[To do] In the material below, find the line with "For Honor Year" and the line with "Raptor Squishes Early Access 1K", then output both and every line between them exactly, omitting pictures.

Exercise inputs Block Start

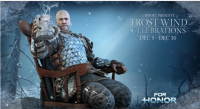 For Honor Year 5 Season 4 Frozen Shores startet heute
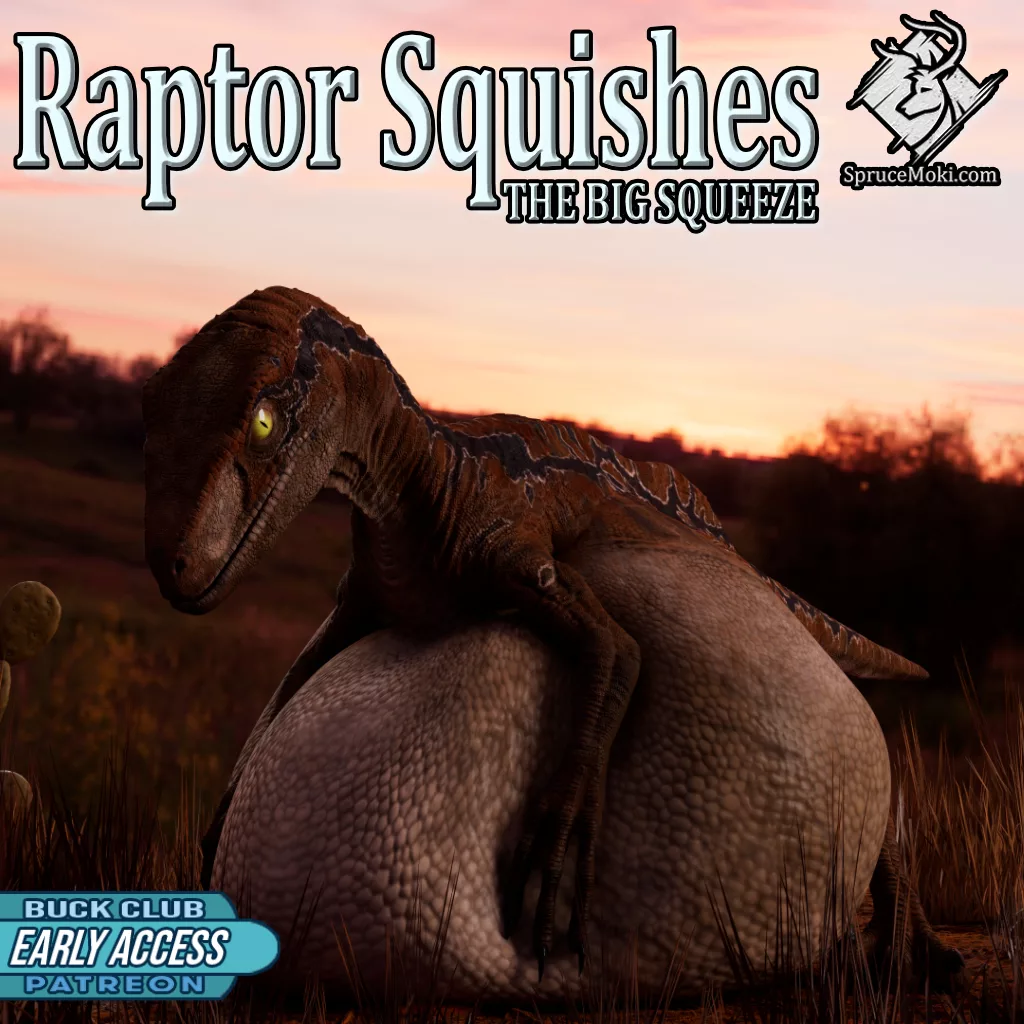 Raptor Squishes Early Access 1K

Exercise inputs Block End
Exercise inputs Block Start

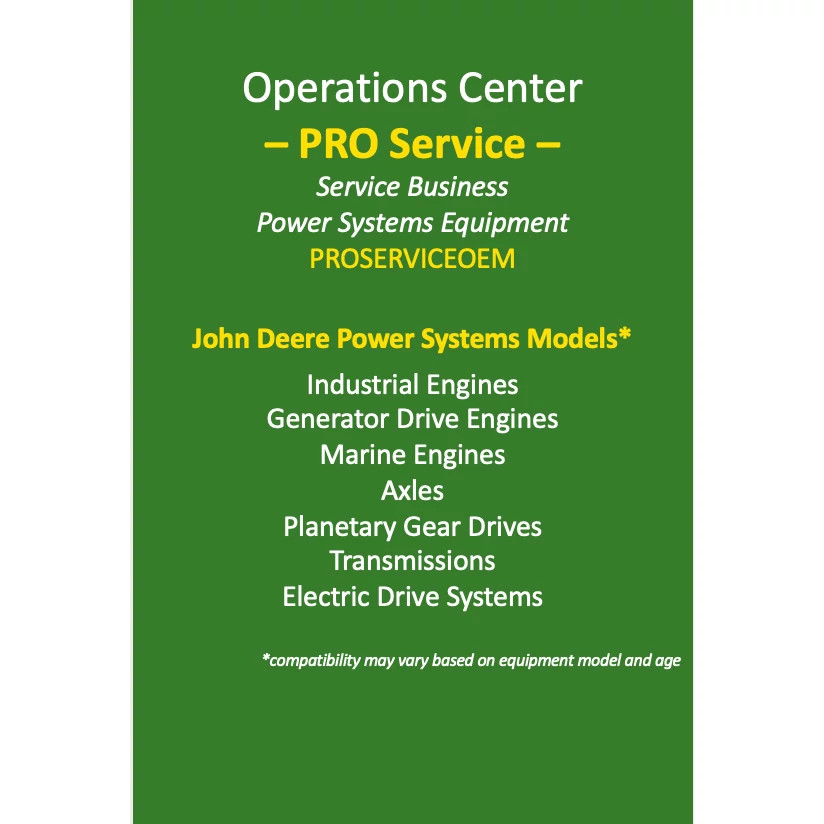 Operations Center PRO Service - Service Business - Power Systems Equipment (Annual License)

Exercise inputs Block End

[Solution for this exercise]
 For Honor Year 5 Season 4 Frozen Shores startet heute
 Raptor Squishes Early Access 1K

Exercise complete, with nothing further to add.